Hello peuple de la blogosphère fantasy


Quelle bonne idée de créer une petite communauté fantasy ! Hugin & Munin sont décidément très pro. Je découvre tant de blogs fort enrichissants et de nouvelles idées de lecture.
Je rejoins donc le mouvement (un peu en retard).
Et un nouveau devoir rendu ! ;-) (enfin si ça marche)

Les Portes de la mort


Suite aux conseils et à la chronique de l'excellent blog Imagine...erre d'Arutha, j'ai découvert cette série dont, il est vrai, on entend peu parler.
Longtemps laissés aux placards ( car à consommer avec modération ), les personnages on ne peut plus classique de la Fantasy : elfes, sorciers, nains ont donc à nouveau peuplé mes lectures. Cependant, le mérite de Margaret Weis et Tracy Hickman est de ne pas avoir abusé des emprunts au monde de l'héroic Fantasy. Sans se prendre trop au sérieux, ils jouent avec les codes de ce genre pour nous offrir une histoire originale, dynamique et très agréable à lire.

Il s'agit, malheureusement comme dans toute société, d'une lutte de pouvoir intestine entre deux races aux pouvoirs magiques surhumains. L'une et l'autre font figure de dieux pour les races jugées inférieures : humains, nains et elfes (les menschs). Menacés par les Patryns qui affichent leur volonté de domination, les Sartans décident d'éclater le monde en 7 univers. Les Patryns sont enfermés dans un labyrinthe censé faire office de purgatoire. Les autres races sont réparties entre 4 univers, conçus au préalable pour être interdépendants. Mais les tout-puissants Sartans vont peu à peu péricliter, rien ne va se passer comme prévu et les Patryns vont réussir à sortir de leur prison.
Nous suivons les aventures d'Haplo, un Patryn envoyé par son seigneur visiter les 4 univers à travers la Porte de la mort. Rongés par la haine contre les Sartans, leur but est de les anéantir et d'asservir les autres races. Mais très vite, cette mission va devenir un véritable voyage initiatique pour Haplo. Qui apprend le plus de ce voyage ? Lui ou les menschs ? Qui est le véritable ennemi ? Les Sartans ou la peur, la haine et les préjugés ?
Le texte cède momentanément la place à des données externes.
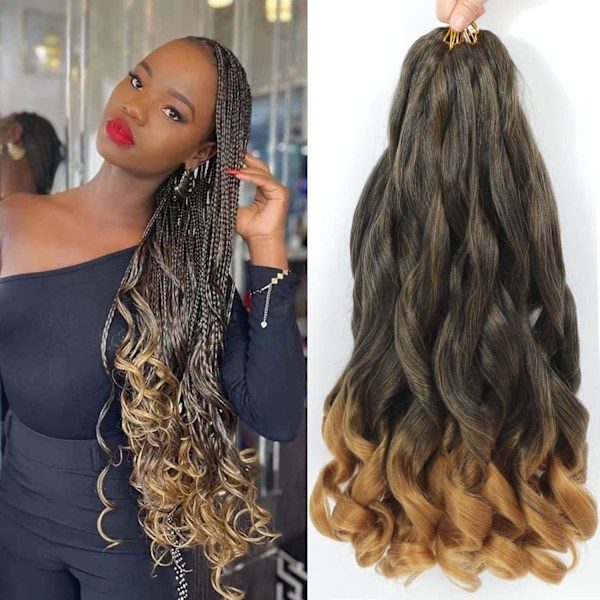 French Curl Braiding Hair Pre Stretched 16 Inch Braiding Hair 1B/27 Loose Wavy Pre Streched Braiding Hair for Black Women (16 Inch(7Packs), 1B/27)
De chaque tome, il émane une tonalité et ambiance particulières
- L'Aile du dragon (sur Arianus) est peut-être le plus classique : machinations politiques, elfes, assassin qui devient héros... beaucoup d'actions et une curiosité qui s'éveille.
- L'Etoile des elfes (sur Pryan) est plus insolite, plus sombre aussi, bien que le personnage de Zifnab amène un côté loufoque. Je ne suis pas fan des références à notre monde (Tolkien, Pern, James Bond...) mais certains peuvent aimer.
- La Mer de feu est sans conteste le plus noir des 7 volumes. Certainement le plus angoissant et le moins agréable à lire.
- Le Serpent mage introduit une nouvelle menace et change la donne.
- La Main du chaos syncrétise tous les personnages et univers précédents. C'est l'heure des choix pour les héros.
- Voyage au fond du labyrinthe est le retour aux origines pour Haplo. Son expérience fait de lui un étranger parmi son propre peuple.
- La Septième porte place Alfred et Haplo face à un dilemne : les Menschs seront-ils toujours la proie des Sartans et des Patryns ?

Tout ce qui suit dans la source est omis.